## EXERCISE GOAL
Please return exactly the lines from the top of the data through the line that contains "Now, we will take", and skip all pictures.
★ ★ ★ ★ ★ ★ ★
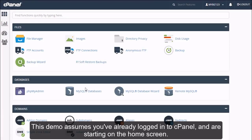How to use the Index Manager in cPanel. This demo assumes you've already logged into cPanel and are starting on the home screen.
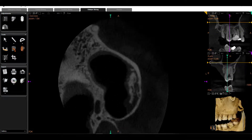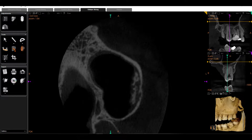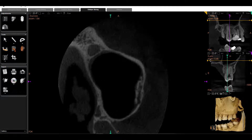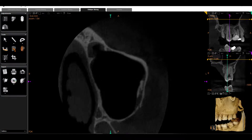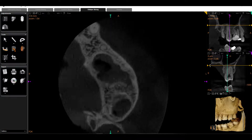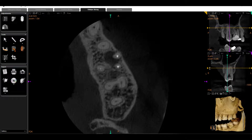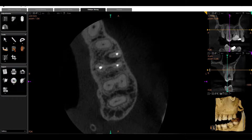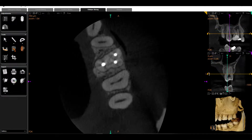We can see a calcification in the sinus — we're not going to be focusing on that today. I'm going to come back coronally for one more look.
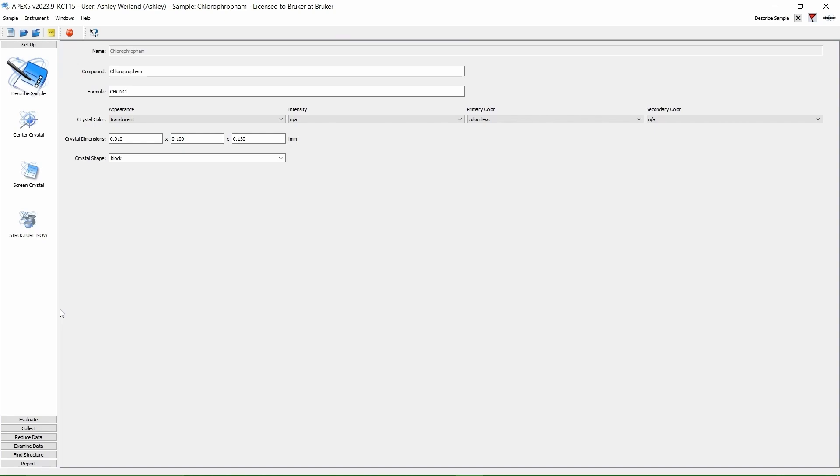Let's zoom in to my screen. After centering a crystal on the instrument, go to Describe Sample and input the relevant information about your material. Then go to Evaluate Determine Unit Cell.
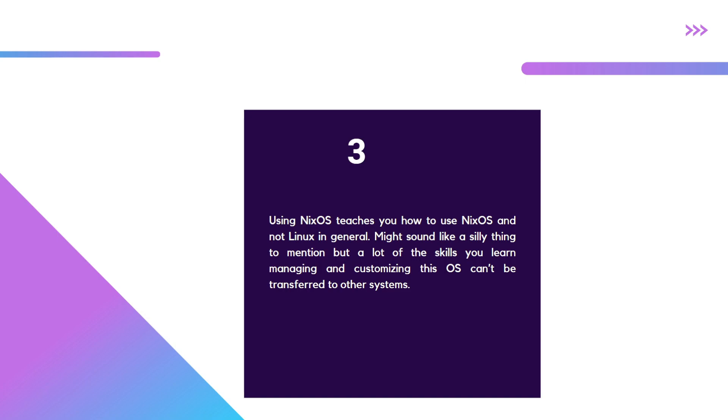Number three, NixOS teaches you how to use NixOS. That might sound stupid, but a lot of the additional skills you learn on NixOS - flakes, home manager, configuration.nix and all these things.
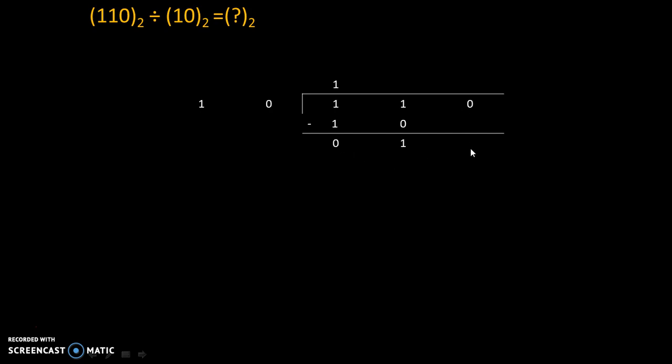Now, we will take down this 0 over here. Now, once again 10 into 1 will give us 10. Now, we will subtract these values and we will get 0-0 is equal to 0 and 1-1 is equal to 0. That's why the answer is 11.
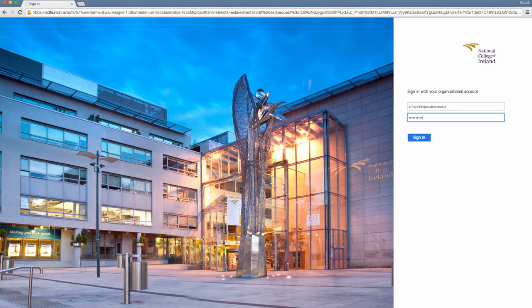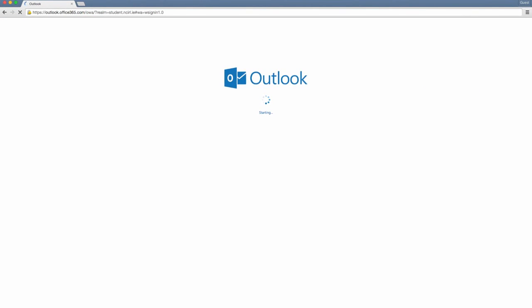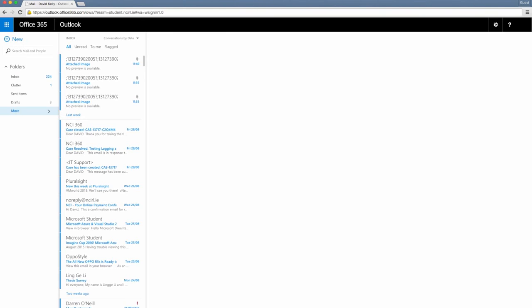Once logged in, you should have access to your student email inbox. From here you can also access other services provided by your NCI email account.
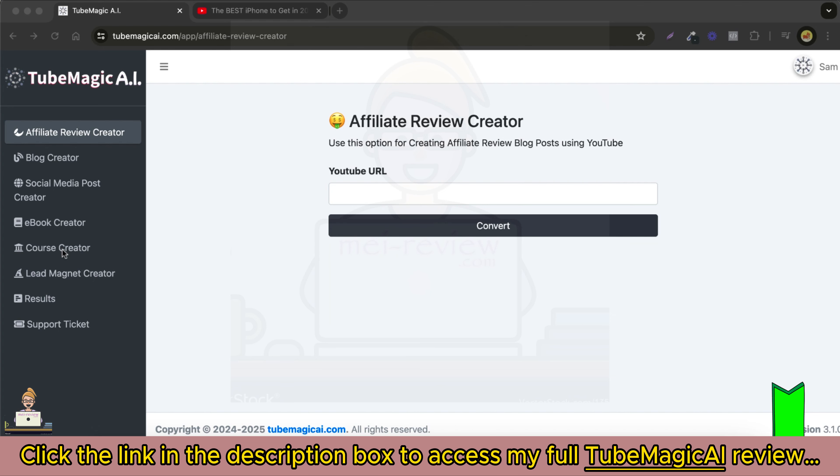Now, let's get started with the step-by-step process. Let's say you want to convert a YouTube video into a detailed high-converting affiliate article. To do that, first click on the affiliate review creator option.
★ ★ ★ ★ ★ ★ ★
## WORKED SOLUTION
How to use the Index Manager in cPanel. This demo assumes you've already logged into cPanel and are starting on the home screen.
We can see a calcification in the sinus — we're not going to be focusing on that today. I'm going to come back coronally for one more look.
Let's zoom in to my screen. After centering a crystal on the instrument, go to Describe Sample and input the relevant information about your material. Then go to Evaluate Determine Unit Cell.
Number three, NixOS teaches you how to use NixOS. That might sound stupid, but a lot of the additional skills you learn on NixOS - flakes, home manager, configuration.nix and all these things.
Now, we will take down this 0 over here. Now, once again 10 into 1 will give us 10. Now, we will subtract these values and we will get 0-0 is equal to 0 and 1-1 is equal to 0. That's why the answer is 11.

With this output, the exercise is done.